Exercise brief:
Output every line of the material exactly, omitting images.

= Beginning of Section =

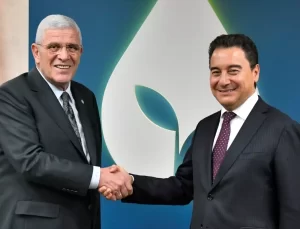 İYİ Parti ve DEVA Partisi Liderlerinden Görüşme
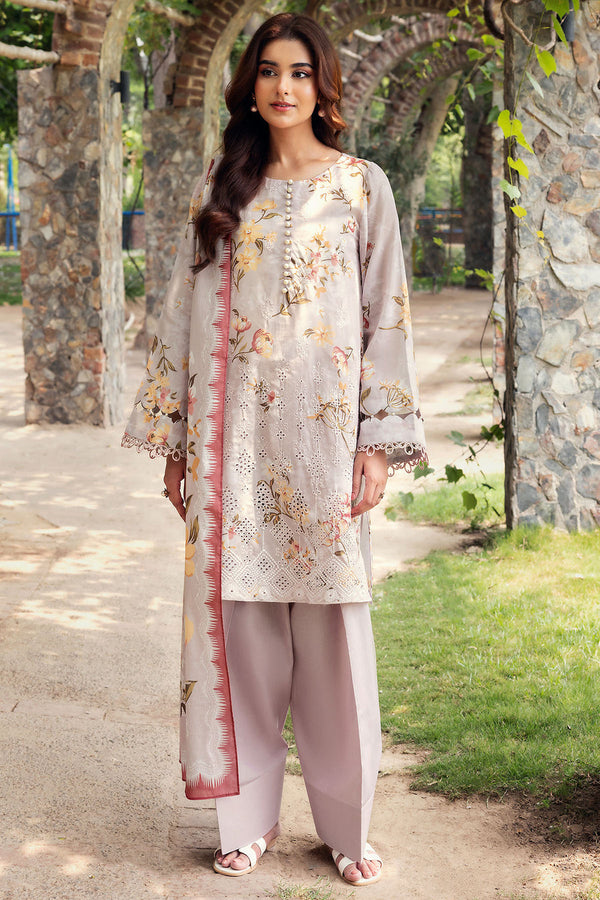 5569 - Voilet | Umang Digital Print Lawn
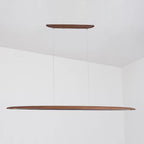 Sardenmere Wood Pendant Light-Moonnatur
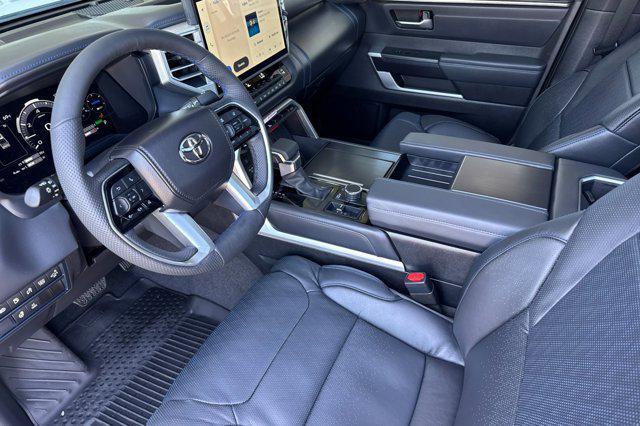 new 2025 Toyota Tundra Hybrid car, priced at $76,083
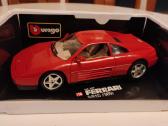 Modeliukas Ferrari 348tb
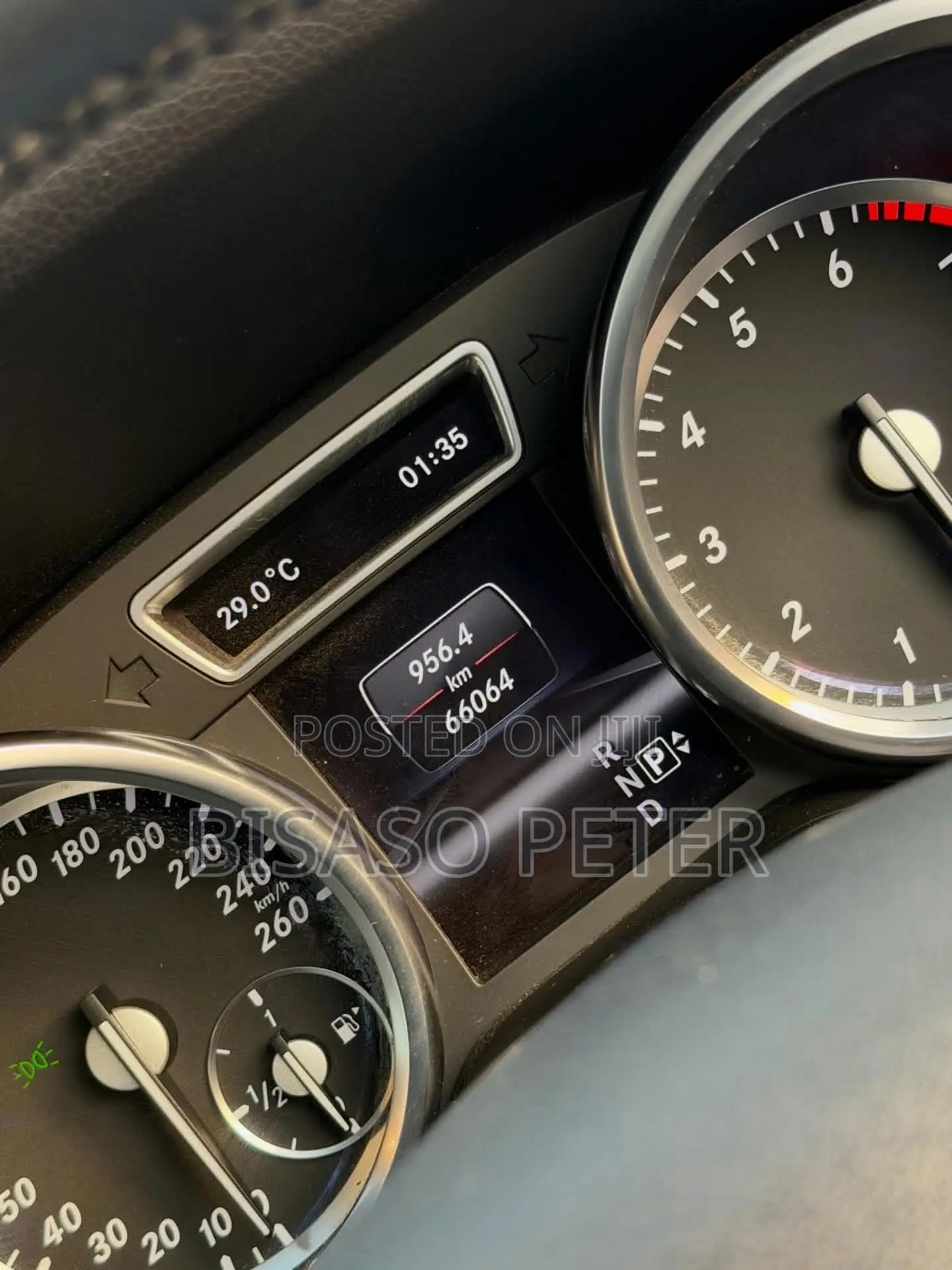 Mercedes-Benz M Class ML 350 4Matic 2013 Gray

= End of Section =

Written answer:
 İYİ Parti ve DEVA Partisi Liderlerinden Görüşme
 5569 - Voilet | Umang Digital Print Lawn
 Sardenmere Wood Pendant Light-Moonnatur
 new 2025 Toyota Tundra Hybrid car, priced at $76,083
 Modeliukas Ferrari 348tb
 Mercedes-Benz M Class ML 350 4Matic 2013 Gray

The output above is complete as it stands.